Image-text web data:
╭──

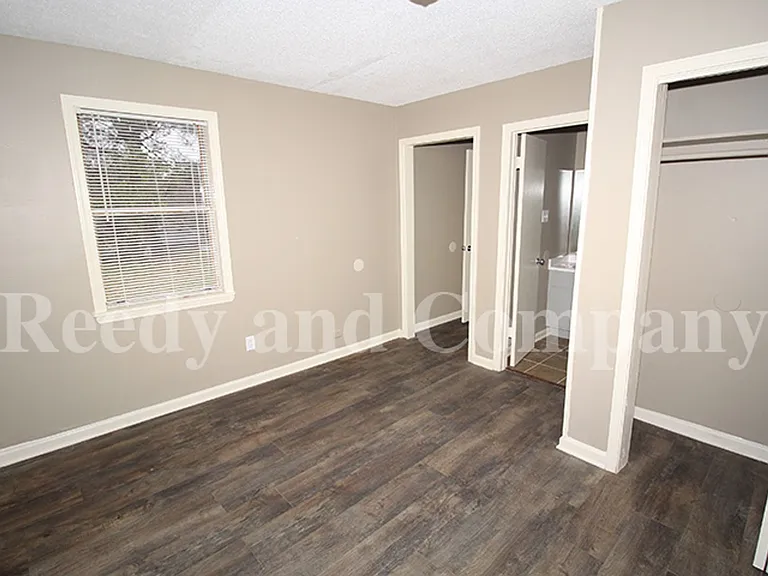 3777 McCain Rd — Photo 6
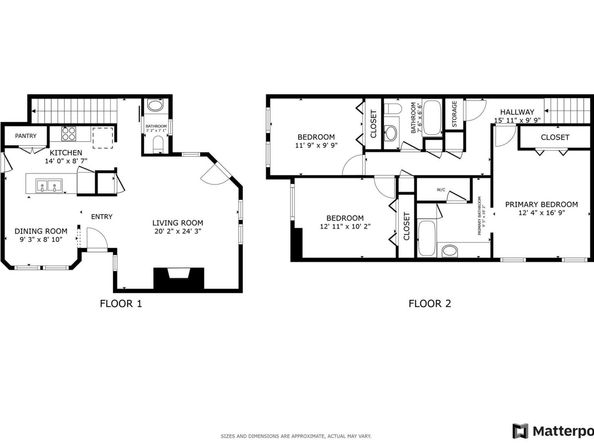 11814 Barrington WAY, Austin TX 78759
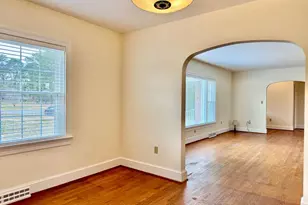 4795 Mary Ball Rd, Lancaster, VA 22503 - Photo 9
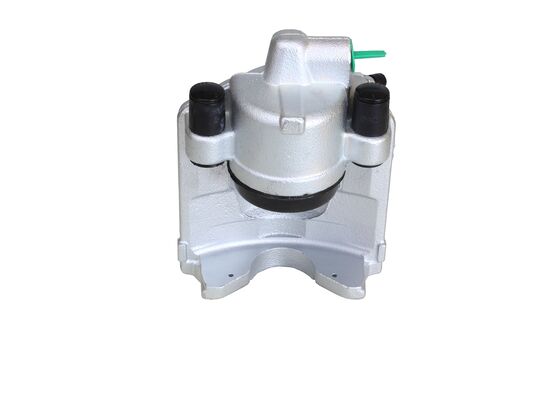 Bosch Remzadel/remklauw 0 986 135 608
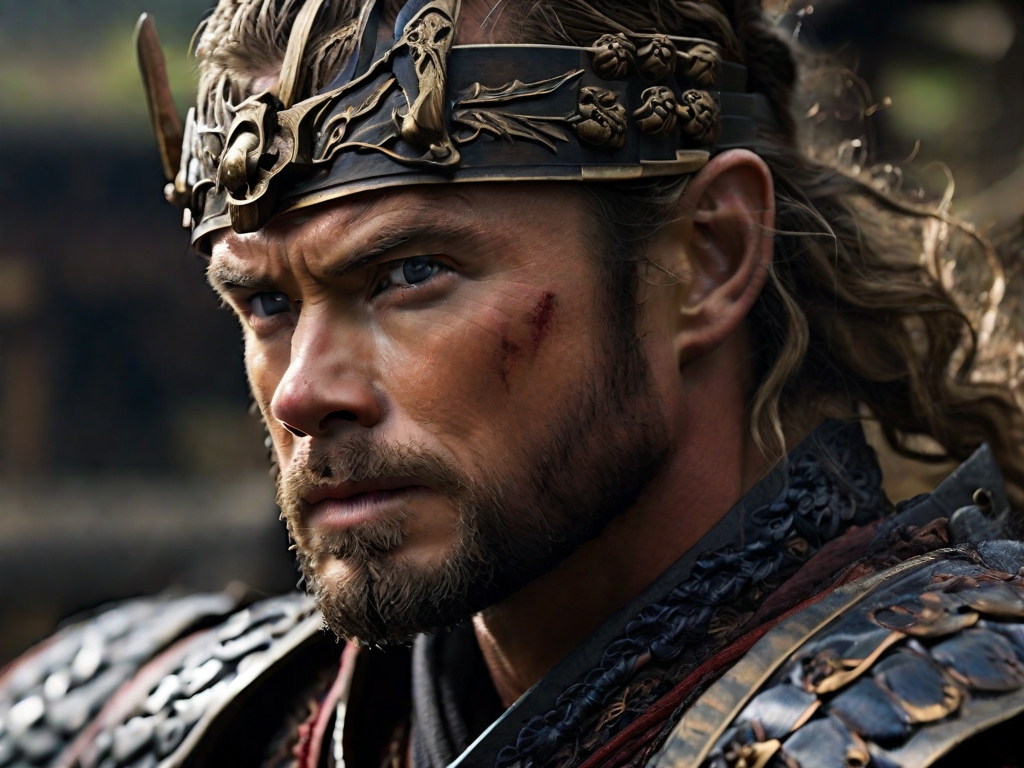 chris_hemsworth_as_tokugawa_iejasu.jpg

╰──

§ Brief
With the images excluded, all entries are to be given again exactly.

§ Solution to the problem
 3777 McCain Rd — Photo 6
 11814 Barrington WAY, Austin TX 78759
 4795 Mary Ball Rd, Lancaster, VA 22503 - Photo 9
 Bosch Remzadel/remklauw 0 986 135 608
 chris_hemsworth_as_tokugawa_iejasu.jpg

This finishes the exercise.